### TASK TO CARRY OUT
Search the records for the word "Picture" and report each line that has it.

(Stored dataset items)
****
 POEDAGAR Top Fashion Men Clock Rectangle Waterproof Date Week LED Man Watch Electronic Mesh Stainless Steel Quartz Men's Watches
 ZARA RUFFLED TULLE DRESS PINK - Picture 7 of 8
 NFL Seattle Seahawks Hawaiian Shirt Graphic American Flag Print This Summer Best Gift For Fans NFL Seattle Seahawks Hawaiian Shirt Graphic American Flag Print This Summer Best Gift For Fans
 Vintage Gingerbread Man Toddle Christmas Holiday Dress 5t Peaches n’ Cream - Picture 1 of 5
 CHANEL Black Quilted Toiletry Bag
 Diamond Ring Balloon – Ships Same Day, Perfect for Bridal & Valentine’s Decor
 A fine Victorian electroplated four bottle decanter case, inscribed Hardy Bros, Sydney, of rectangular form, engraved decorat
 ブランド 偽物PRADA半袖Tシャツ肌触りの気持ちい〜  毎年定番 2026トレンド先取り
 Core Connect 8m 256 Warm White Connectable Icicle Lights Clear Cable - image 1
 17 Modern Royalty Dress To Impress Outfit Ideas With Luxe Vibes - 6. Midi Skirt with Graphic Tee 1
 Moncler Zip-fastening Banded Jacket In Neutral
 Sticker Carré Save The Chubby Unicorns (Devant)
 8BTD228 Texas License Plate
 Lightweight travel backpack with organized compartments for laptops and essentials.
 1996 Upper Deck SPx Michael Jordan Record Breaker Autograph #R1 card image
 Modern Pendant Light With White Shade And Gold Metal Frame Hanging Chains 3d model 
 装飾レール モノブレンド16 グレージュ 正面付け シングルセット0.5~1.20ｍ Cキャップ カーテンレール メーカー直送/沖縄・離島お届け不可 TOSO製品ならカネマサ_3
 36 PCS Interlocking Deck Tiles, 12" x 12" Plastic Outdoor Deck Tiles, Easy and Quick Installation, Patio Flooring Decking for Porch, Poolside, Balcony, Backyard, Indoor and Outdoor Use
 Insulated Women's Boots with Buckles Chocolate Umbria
****
### RESPONSE BOX
 ZARA RUFFLED TULLE DRESS PINK - Picture 7 of 8
 Vintage Gingerbread Man Toddle Christmas Holiday Dress 5t Peaches n’ Cream - Picture 1 of 5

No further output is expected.